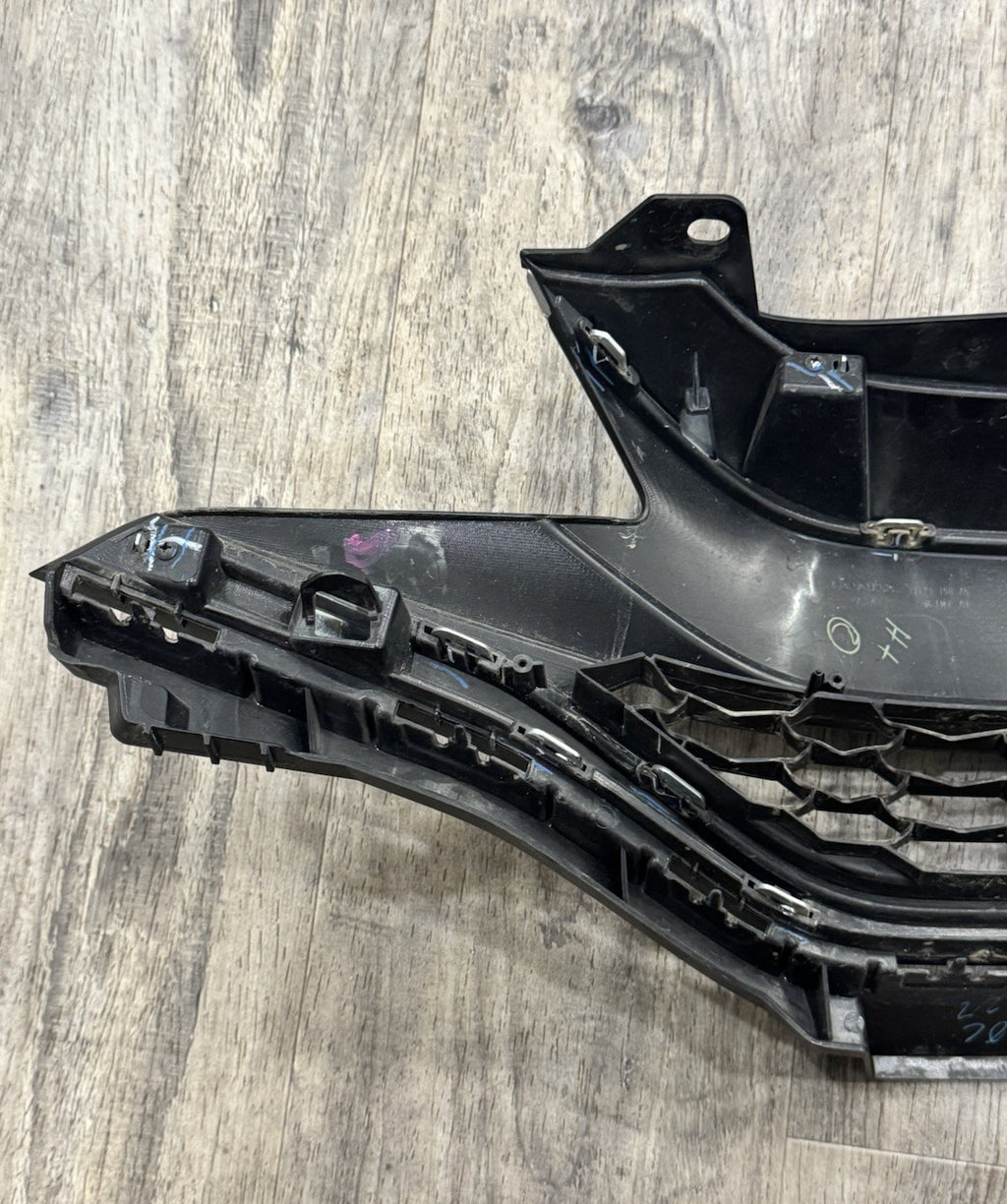 2018-2020 Honda Fit Front Bumper Grille Grill Chrome  OEM Genuine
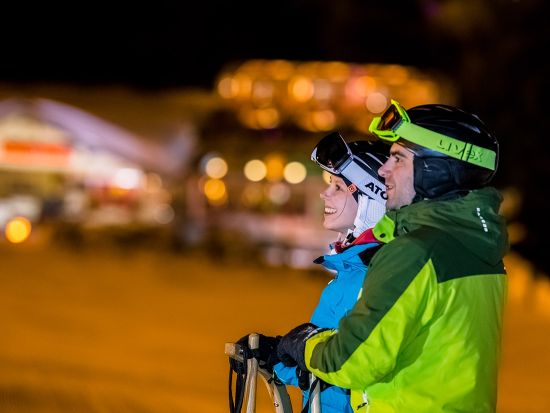 Fröhliche Gesichter beim Nachtrodeln vor der Seiterhütte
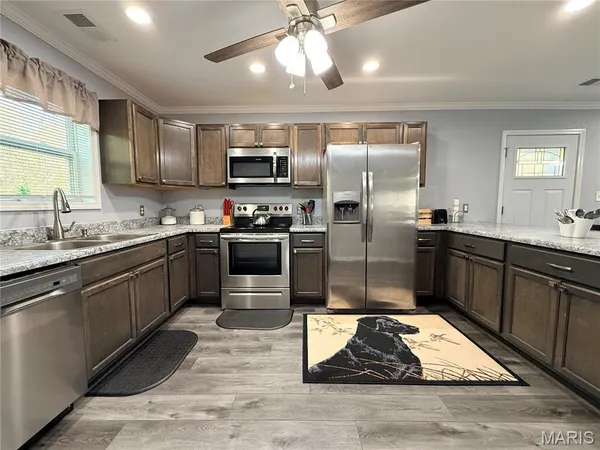 $380,000 | 20830 Highway 142, Neelyville, MO 63954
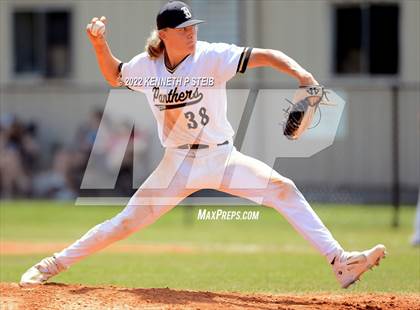 Thumbnail 1 in Berwick vs. Brusly (LHSAA 3A Regional Playoff) photogallery.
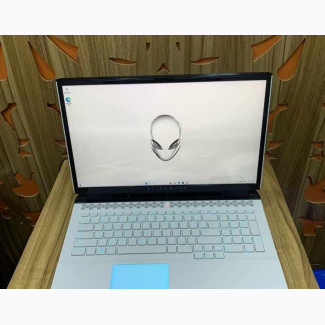 Laptop Alienware Area-51m 16GB Intel Core i7 SSD 1T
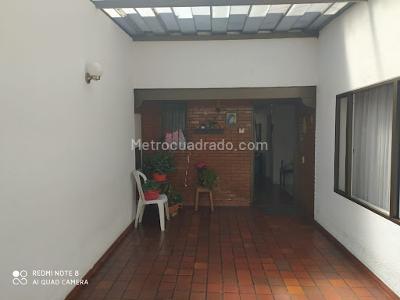 Casa de 5 alcobas en venta en Mandalay I Sector, Bogotá, 249 m² · foto 7 de 20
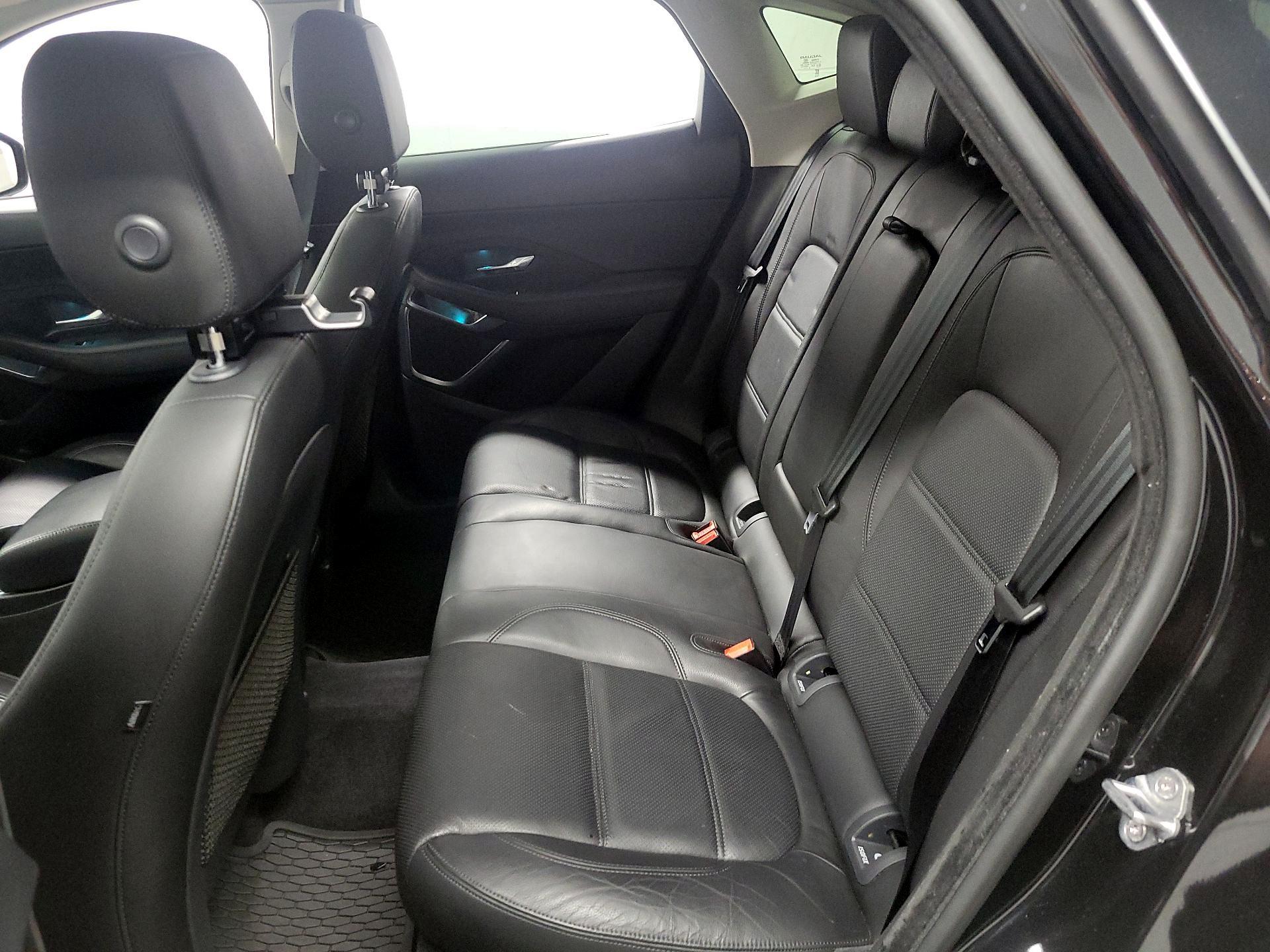 Thumbnail: 2018 Jaguar E-Pace - 18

Exercise prompt = If a record holds a picture, leave the picture out, but copy everything else exactly.

Final answer =
 2018-2020 Honda Fit Front Bumper Grille Grill Chrome  OEM Genuine
 Fröhliche Gesichter beim Nachtrodeln vor der Seiterhütte
 $380,000 | 20830 Highway 142, Neelyville, MO 63954
 Thumbnail 1 in Berwick vs. Brusly (LHSAA 3A Regional Playoff) photogallery.
 Laptop Alienware Area-51m 16GB Intel Core i7 SSD 1T
 Casa de 5 alcobas en venta en Mandalay I Sector, Bogotá, 249 m² · foto 7 de 20
 Thumbnail: 2018 Jaguar E-Pace - 18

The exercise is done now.